* Brief *
Please repeat exactly the lines below from the line with "波尔山羊，价格低廉，优惠多多" to the line with "Imagem 5: Terreno", including both, and leave out every picture.

* The records *
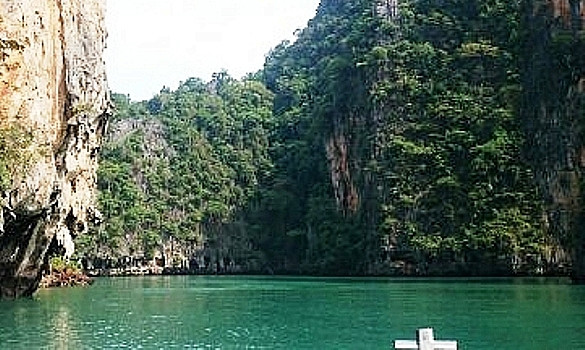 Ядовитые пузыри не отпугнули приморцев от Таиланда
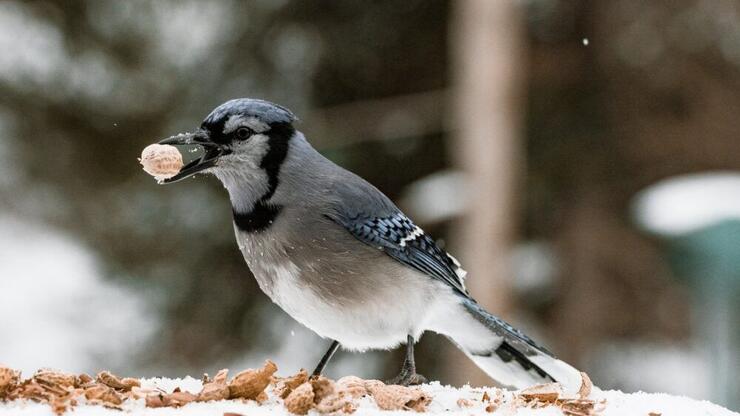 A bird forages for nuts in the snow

---

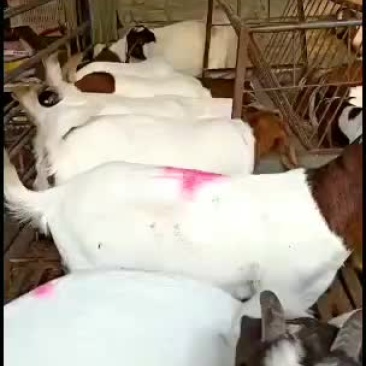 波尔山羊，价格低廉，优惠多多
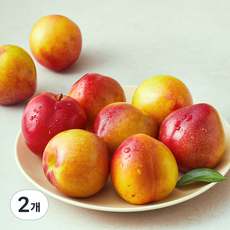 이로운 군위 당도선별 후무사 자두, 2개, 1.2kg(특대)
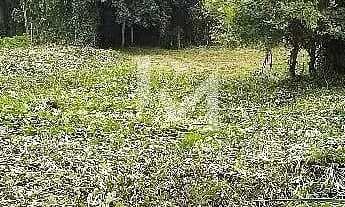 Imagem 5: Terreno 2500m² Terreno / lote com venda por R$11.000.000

==

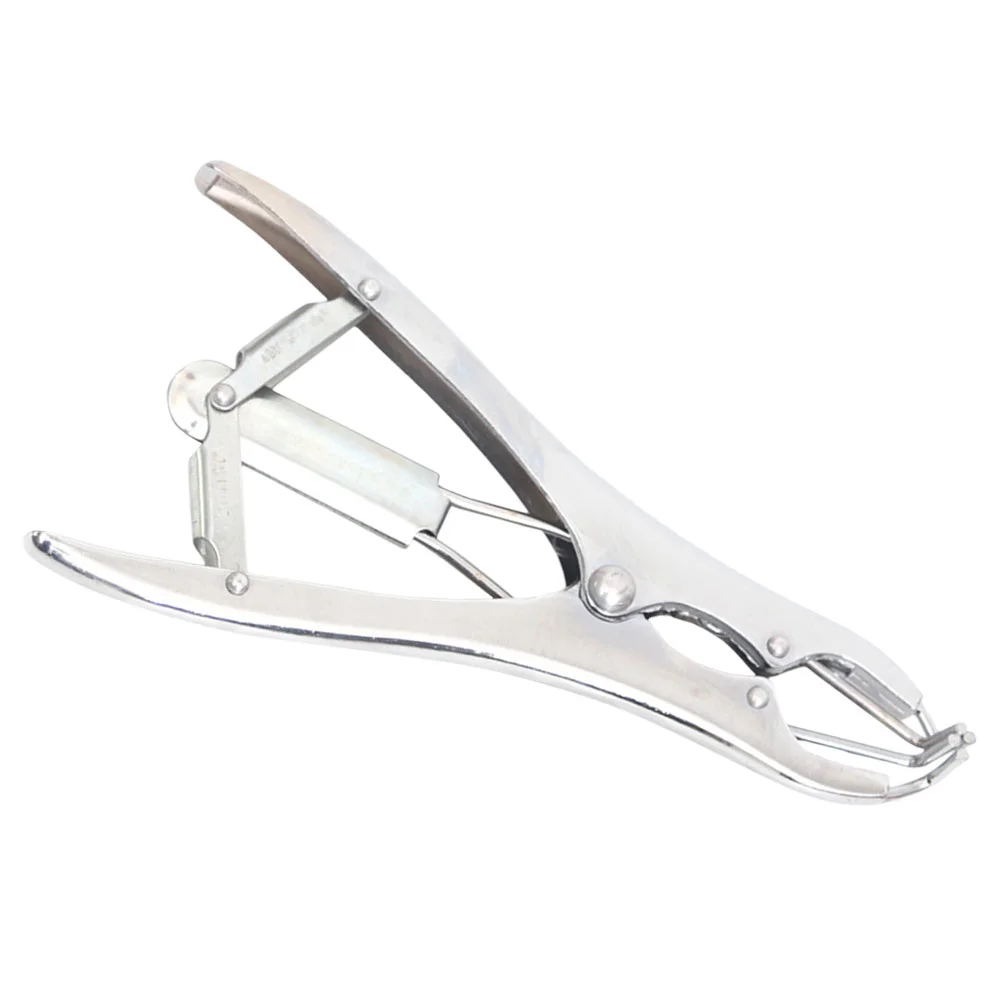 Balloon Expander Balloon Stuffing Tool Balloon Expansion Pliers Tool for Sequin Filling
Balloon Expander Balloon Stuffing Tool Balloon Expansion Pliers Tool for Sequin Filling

* Output of the task *
 波尔山羊，价格低廉，优惠多多
 이로운 군위 당도선별 후무사 자두, 2개, 1.2kg(특대)
 Imagem 5: Terreno 2500m² Terreno / lote com venda por R$11.000.000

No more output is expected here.